How can an Indexer best utilize a combination of S...

Lowell · ‎12-16-2013

Recent Splunk versions include many acceleration technologies to speed up common search scenarios using technologies like summary indexing (3.1?), bloom filters (4.3), report acceleration (5.0), and accelerated data models (6.0). All of these speedup techniques have a different sweet spot and still provide value today. Fundamentally, they all trade some additional storage for really fast search performance.

Fortunately, Splunk allows the admin to control where all this additional storage gets placed on the Indexer via the indexes.conf file. However, this does make estimating disk usage and determining what type of data should be placed on the fastest storage a difficult thing to plan.

From a storage perspective, Summary indexing is just a special-purpose index, so there's not much new to calculate there. So the focus of my question is on the Splunk search performance features in Splunk 4.3 or later.

Path related index.conf settings:

Setting	Purpose	Advantage of fast storage
`homePath`	Hot/Warm storage	Recent events are available more quickly.
`coldPath`	Cold storage	Historic searches are quicker.
`bloomHomePath`	Bloom filters	?
`summaryHomePath`	Report Acceleration	?
`tstatsHomePath`	Data model Acceleration	?

Splunk and SSDs

Now that SSD are becoming more economical with very clear performance advantages it makes sense to incorporate them into a Splunk system. But the cost is still high enough that hybrid SSD/HHD approach still provides a better retention and speed combination. So my question is two fold:

Which of the above acceleration techniques are most well suitable for fast storage? (Specifically, storage with high IOPS provided by an SSD)
What's a good way to estimate the size requirements for these different acceleration techniques?

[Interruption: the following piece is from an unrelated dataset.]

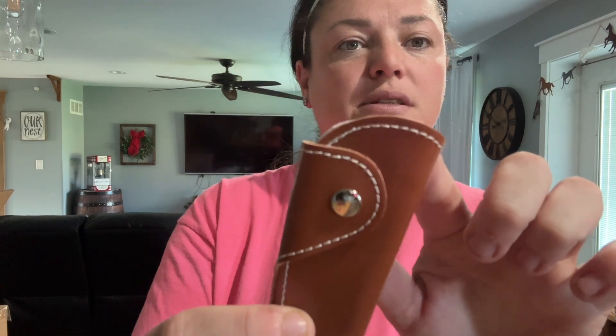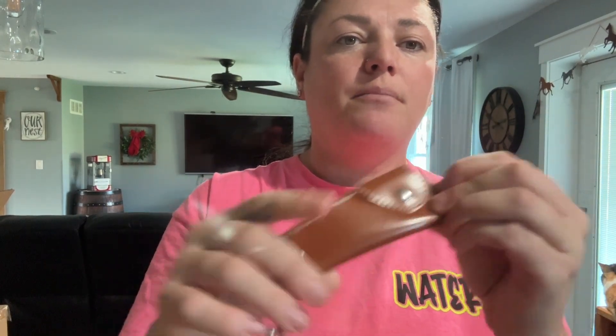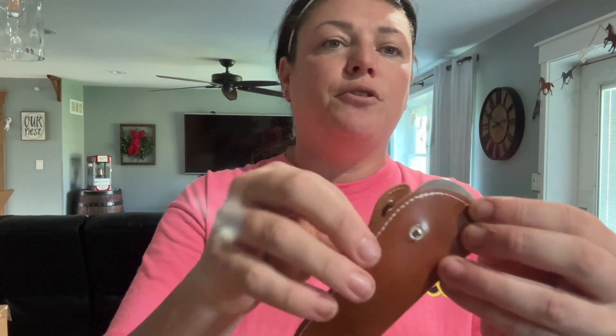It does have leather on the outside of it. The stitching's really cool — it's a different color. There's a little push button here that's what's going to hold it closed. When you want to open it and use the actual shoehorn, you just go ahead, pull it out, and then you can clip this back and use it kind of as a handle.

My initial thought was simple. Stick hot/warm data on SSDs and place the cold data on the HHDs. I think that makes sense, but then question I had was what "auxiliary" data (bloom filters, summary dat, tstats?) would benefit the most from faster storage? Real-life experience is preferred, but general insights into the typical I/O usage patterns would be helpful too.

woodcock · ‎09-01-2015

Here is an excellent slide deck that covers the most recent architecture advances in Splunk (e.g. clustering) with side-focus on how SSDs best fit into each:

http://www.slideshare.net/Splunk/taking-splunk-to-the-next-level-architecture-breakout-session-48015...

linu1988 · ‎01-08-2014

Yes better get the searching part done on SSD, but again how do we know which to keep in SSD and which one to HDD!! Mostly we will search on the recent data, where as the recent data keeps on updating in the Hot buckets! Again we are looped to the start of the discussion where to use it!!

aelliott · ‎01-08-2014

Writing to a Solid State Drive constantly can have some negative affects too, it greatly reduces the life of them by wearing them out.

jonvel · ‎01-08-2014

The response for http://answers.splunk.com/answers/10417/splunk-on-solid-state-disk was written in January of 2011, when the sequential performance of SSD's wasn't particularly better than spindle disks ("only" up to about 2x as fast). However, modern PICe based SSD's can transfer at substantially higher rates sequentially today (5x-10x as fast) as a single spindle disk today, so that comment may not be valid anymore.

Lowell · ‎12-17-2013

Thanks aelliot, the "[Bloom Filters are] 50-100x faster on conventional storage, >1000x faster on SSD" is good to know. As for the other answer, I was hoping to get an updated take on that (since it was written in 2011). Given that SSD prices are falling, and some RAID controllers were getting in the way of performance... I was hoping to get some recent feedback from people actually using them. Thanks!

aelliott · ‎12-16-2013

this ppt says that they would be 1000x faster on ssd
http://blogs.splunk.com/wp-content/uploads/2011/07/SplunkSuperchargeYourSearchesWorkshop.pptx

Wheras this post says normal searches won't get a lot of increase in speed: http://answers.splunk.com/answers/10417/splunk-on-solid-state-disk

Lowell · ‎12-16-2013

Yeah I had read over that. In fact that's part of where this question came from. 😉 I'm assuming they had the bloom filters on SSD. But what does performance look like if on an historic search if cold storage is on HHDs and only the bloom filters are on SSDs?

aelliott · ‎12-16-2013

Check out this blog post: http://blogs.splunk.com/2012/05/10/quantifying-the-benefits-of-splunk-with-ssds/

How can an Indexer best utilize a combination of SSD/HDD storage?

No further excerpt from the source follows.